The "What" And "How" Of Cholesterol Lowering
Although there is convincing evidence of soy protein's ability to decrease LDL-cholesterol in hypercholesterolemic individuals, researchers have yet to identify exactly how this reduction is accomplished. To date, research has centered around the study of certain nutritive and non-nutritive components of soy protein and the possible mechanisms by which elevated levels of LDL-cholesterol are reduced. It may very well be that the observed cholesterol-lowering effect of soy protein is the result of not one component or action, but of a number of individual or interrelated factors.
Components of Soy Protein That May Lower Cholesterol
The following nutritive and non-nutritive components of soy proteins have been investigated for cholesterol-lowering activity.
One theory proposed to explain the hypocholesterolemic effect of soy protein is based on the effects of specific amino acids on blood cholesterol levels. Animal studies15-17 indicate that certain amino acids-especially lysine-increase blood cholesterol levels, while arginine counteracts this effect. Therefore, it has been proposed that the ratio of lysine to arginine in the diet is crucial in explaining elevated blood cholesterol levels and the resulting atherosclerosis. This theory is supported by the fact that soy protein provides a more favorable arginine to lysine ratio than casein, the animal protein used in most of these studies. Kritchevsky18 showed that in rabbits a diet in which arginine was added to casein continued to be hypercholesterolemic but reduced atherosclerosis by 25%; however, the addition of lysine to soy protein increased blood cholesterol by ~50% and atherosclerosis by 60%. Some animal studies19-21 have shown that soy protein is more hypocholesterolemic than an identical mixture of its amino acids. This discrepancy suggests that the presence of arginine cannot totally account for the hypocholesterolemic effect of soy protein and that there is another factor or factors involved.
Tsai et al.22 reported that 10 grams of soy polysaccharide fed to obese individuals with diabetes significantly reduced (P<0.05) the rise of postprandial plasma triglyceride levels.

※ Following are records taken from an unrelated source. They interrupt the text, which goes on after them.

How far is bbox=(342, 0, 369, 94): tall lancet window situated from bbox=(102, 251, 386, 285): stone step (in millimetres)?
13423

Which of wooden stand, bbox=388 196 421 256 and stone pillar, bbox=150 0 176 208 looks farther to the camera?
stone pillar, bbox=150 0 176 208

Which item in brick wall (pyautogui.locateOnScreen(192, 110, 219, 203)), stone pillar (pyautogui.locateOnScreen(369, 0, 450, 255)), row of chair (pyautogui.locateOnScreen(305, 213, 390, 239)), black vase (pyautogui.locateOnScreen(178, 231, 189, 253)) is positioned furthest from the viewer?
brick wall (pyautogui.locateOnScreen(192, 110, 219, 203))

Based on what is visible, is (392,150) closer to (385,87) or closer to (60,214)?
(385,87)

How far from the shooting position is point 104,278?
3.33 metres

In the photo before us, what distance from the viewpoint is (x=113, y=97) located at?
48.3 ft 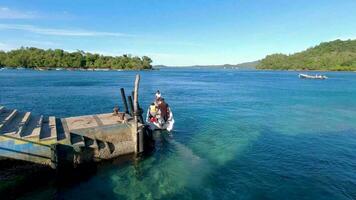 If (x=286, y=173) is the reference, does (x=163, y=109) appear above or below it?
above

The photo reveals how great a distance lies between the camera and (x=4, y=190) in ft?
42.8

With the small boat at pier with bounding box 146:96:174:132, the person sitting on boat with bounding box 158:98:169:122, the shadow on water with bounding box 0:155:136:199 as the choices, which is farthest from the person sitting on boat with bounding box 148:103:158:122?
the shadow on water with bounding box 0:155:136:199

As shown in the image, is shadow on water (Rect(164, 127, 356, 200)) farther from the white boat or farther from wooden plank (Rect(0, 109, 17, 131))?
wooden plank (Rect(0, 109, 17, 131))

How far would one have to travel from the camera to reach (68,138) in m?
15.5

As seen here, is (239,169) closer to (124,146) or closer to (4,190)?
(124,146)

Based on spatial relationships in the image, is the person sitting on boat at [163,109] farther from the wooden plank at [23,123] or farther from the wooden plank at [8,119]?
the wooden plank at [8,119]

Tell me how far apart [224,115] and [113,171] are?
19827mm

Earlier Tsai et al.23 had shown no significant decrease in blood cholesterol levels in healthy subjects consuming soy polysaccharide. Shorey et al.24 reported that when individuals with mild to moderate hypercholesterolemia ingested soy polysaccharide, total cholesterol was reduced from 5 to 11%, depending on the order of crossover; the 11% decrease was in subjects ingesting soy polysaccharide prior to placebo. Lo et al..25 reported that subjects with primary hyperlipidemia, who were already following the NIH Type II-A diet, achieved an additional 13 mg/dL reduction (P<0.04) in total cholesterol and a 12 mg/dL reduction (P<0.05) in LDL-cholesterol when their diet was supplemented with 25 grams of soy polysaccharide per day. A study conducted in humans by Potter et al.10 showed that the addition of soy fiber to isolated soy protein did not increase its hypocholesterolemic effect. Another study in humans by Bakhit et al.3 indicated that soy fiber has a hypocholesterolemic effect when added to other foods but not when it is fed with soy protein. These results suggest that the hypocholesterolemic effect of soy protein cannot be explained by the soy fiber that may accompany it in the diet.
Phytic acid, which is present in varying amounts in soyfoods, chelates iron, calcium, zinc, and magnesium in the intestinal tract, thereby decreasing the intestinal absorption of these minerals. Diets that are deficient in copper or have a high zinc to copper (Zn/Cu) ratio are associated with hypercholesterolemia27. There is a theory that phytic acid may help lower blood cholesterol levels by chelating zinc and allowing more copper to be absorbed, consequently altering the ratio of zinc to copper. Soy-rich diets provide both phytic acid and copper. Although some animal studies have shown that phytic acid may have a role in lowering cholesterol, they indicate that the mechanism may not be by altering the Zn/Cu ratio28.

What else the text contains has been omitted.